This payoff/bribery system, however, is backed up by physical intimidation. The choice of which method to use has more to do with the background of the leadership than it does the perceived tactical requirements. Some of the organizations running the drug traffic have been in existence for many years. The Sinaloa umbrella of organized crime traces its existence to the days when the “Mafia” bosses from the U.S. Northeast and Midwest States moved a portion of their operations to the West during and after World War II.

It was the connection of American crime syndicates with Mexican, Cuban and Central American governmental authorities that provided the supplier/distributor nexus on which the current immense traffic is based. The old “families” on both sides of the border have been replaced by new generations of criminals, some more business than strong-arm oriented. Mexican government sources have made a point of characterizing the current rivalry between the two most powerful illicit drug enterprises, Los Zetas and Sinaloa Federation, in terms of the difference in their methods of operation.

The idea that the use of bribery rather than violence is a less dangerous or even less criminal methodology is a very convenient public relations device for the Sinaloa connections in particular. A business that grosses billions of dollars annually eventually will develop a tendency to want to be viewed with a certain sense of benevolence. It’s quite valuable in suborning government officials on the state and federal level that they are encouraged to believe their cooperation is contributory to reducing violence — especially when that mayhem could be directed at them.

The classification of pro-bribery versus pro-violence is played out currently in an effort to characterize the Sinaloa alliance’s rivalry with Los Zetas as personified by the latter’s preference for quick violent action as their method of persuasion.

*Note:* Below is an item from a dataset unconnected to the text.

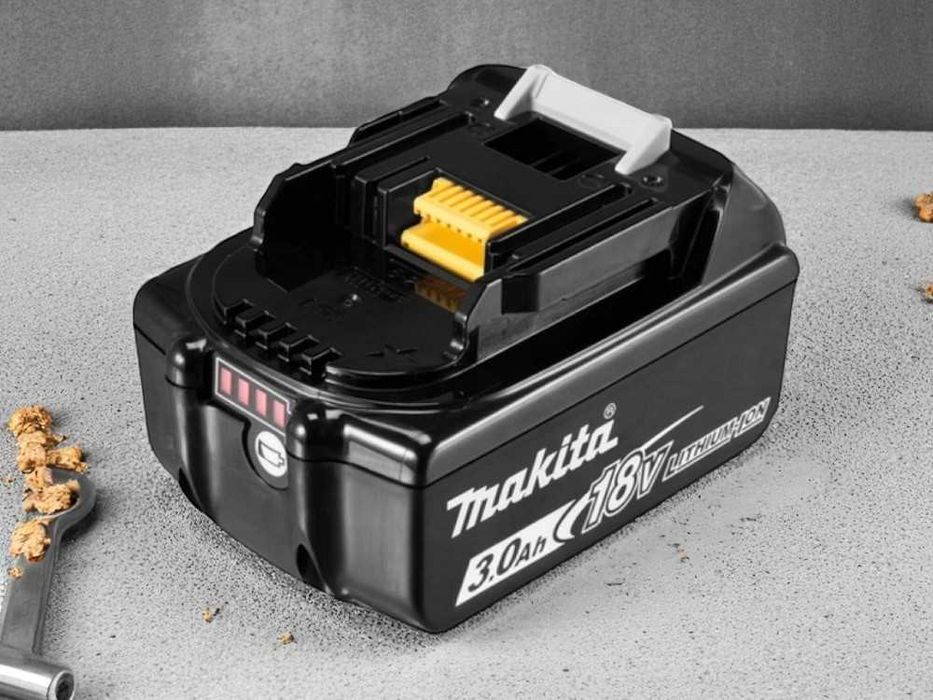 Akumulator Makita 18V 3Ah – oryginalna bateria do narzędzi [NOWA]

By contrast, the Sinaloa leadership supposedly takes a longer and less murderous view of its ambition — an image of the Sinaloa contrived to gain it public and political support. Members of the Zetas and their affiliates tend to view the Sinaloa groupings that follow these principles as weak and even cowardly. That, too, is a convenient characterization.

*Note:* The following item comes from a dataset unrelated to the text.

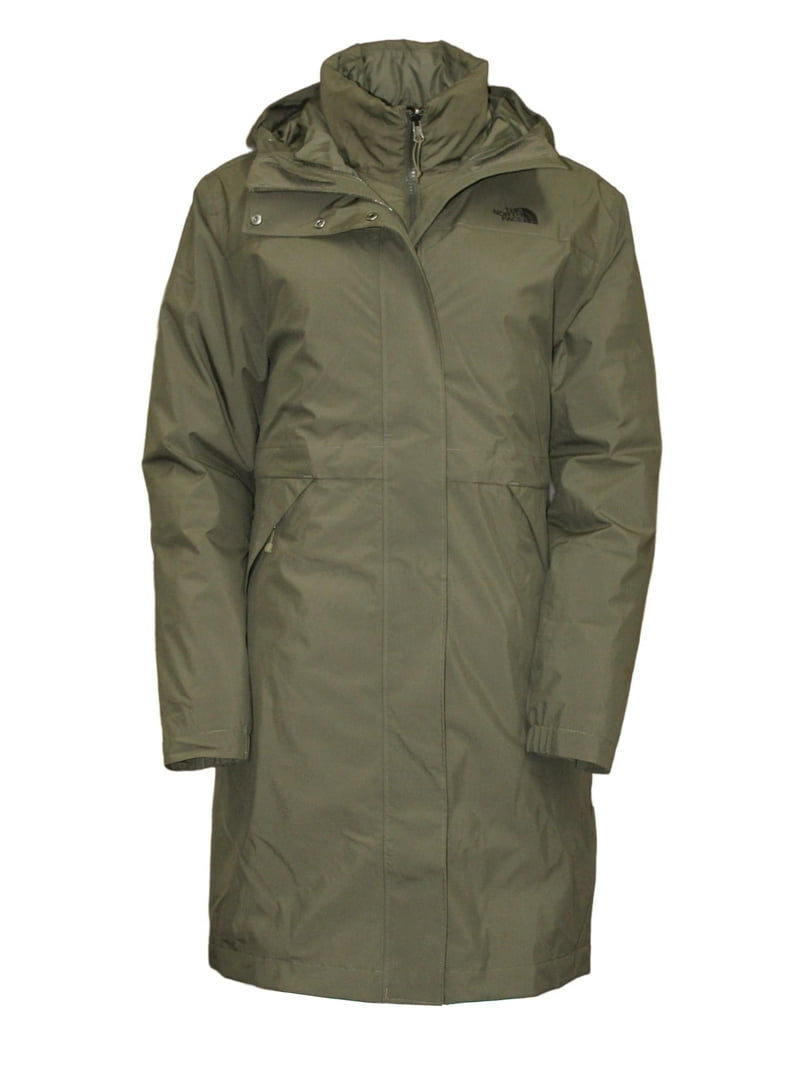 THE NORTH FACE Women's Sequoia Triclimate Waterproof Down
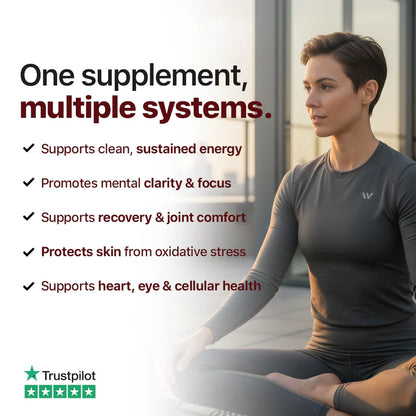 Astaxanthin Softgel Capsules - 120 SoftGels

Machismo plays a large part throughout the entire breadth of illicit drug trafficking, and the Sinaloa consider Los Zetas to be comparatively unsophisticated — which is a pretentious way of saying they think their rivals are dumb. It is true that Los Zetas were created from former Mexican Army special forces cadre and that may be why they have gained the reputation of “maim and kill first — gain cooperation after.” In reality the Sinaloa alliances of northwest Mexico are just as capable of brutal action but find cooperation in their part of the country over the years has been gained more easily through carefully applied corruption. Operations against aggressive rivals, however, are as bloody as required.

Violence in drug trafficking sometimes rises to the point of clear-cut paramilitary activity. When this occurs it is virtually always based initially on revenge or what might be referred to as “market maintenance and/or expansion.” In less benign terms it would be called carving out a hunk of the other guy’s business by killing off the competition. An example is the current war between the Gulf Cartel (though traditionally eastern-based, now affiliated with the Sinaloa Federation) and Los Zetas for control of the Monterrey region.

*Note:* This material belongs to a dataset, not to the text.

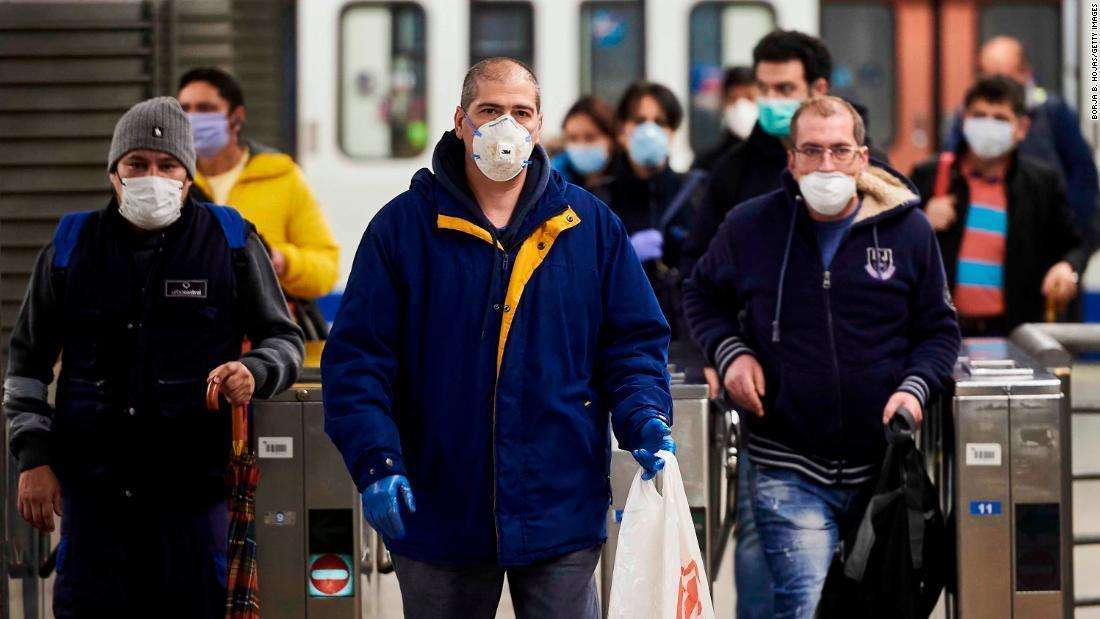 スペイン封鎖一部解除、３０万人が職場復帰　欧州各国で緩和の動き（CNN.co.jp） - Yahoo!ニュース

 In the instances where Zeta members have been caught and successfully interrogated, the story is usually the same: A Zetas lieutenant approaches a target and demands cooperation. The target refuses to help as desired and is killed and perhaps mutilated along with some relatives and friends. If the target cooperates properly, he may be financially rewarded. Sometimes the cooperating target is killed after the cooperation is accomplished. Such action is usually for personal reasons, but the word is put out that the his cooperation was somehow inadequate. Retaliation begins and everything escalates.

The Zetas show a greater insecurity in their control of the northeast than the Sinaloa Federation does in its turf in the northwest. This along with Los Zetas’ personal psychological and/or organizational proclivity for violence as a method of intimidation and dominance influences their style of operation. In the end, the result is the same between the Sinaloa Federation and Los Zetas. The only real operational difference is that the Sinaloa mobsters play the bribery card before killing and the Zetas shoot first in order to gain cooperation afterward.

The Mexican banking, real estate, and construction industries benefit in any case, as the illegal cash from the drug traffic must be cleansed no matter how it was obtained. Reportedly the Mexican Marines and Naval Special Operations have offered to take on the responsibility of “cleaning out” northern Mexico. Unfortunately that would have to include punishing most of the Army and police there. Neither President Calderon’s party (PAN) nor his political rival (PRI) is willing to go that far.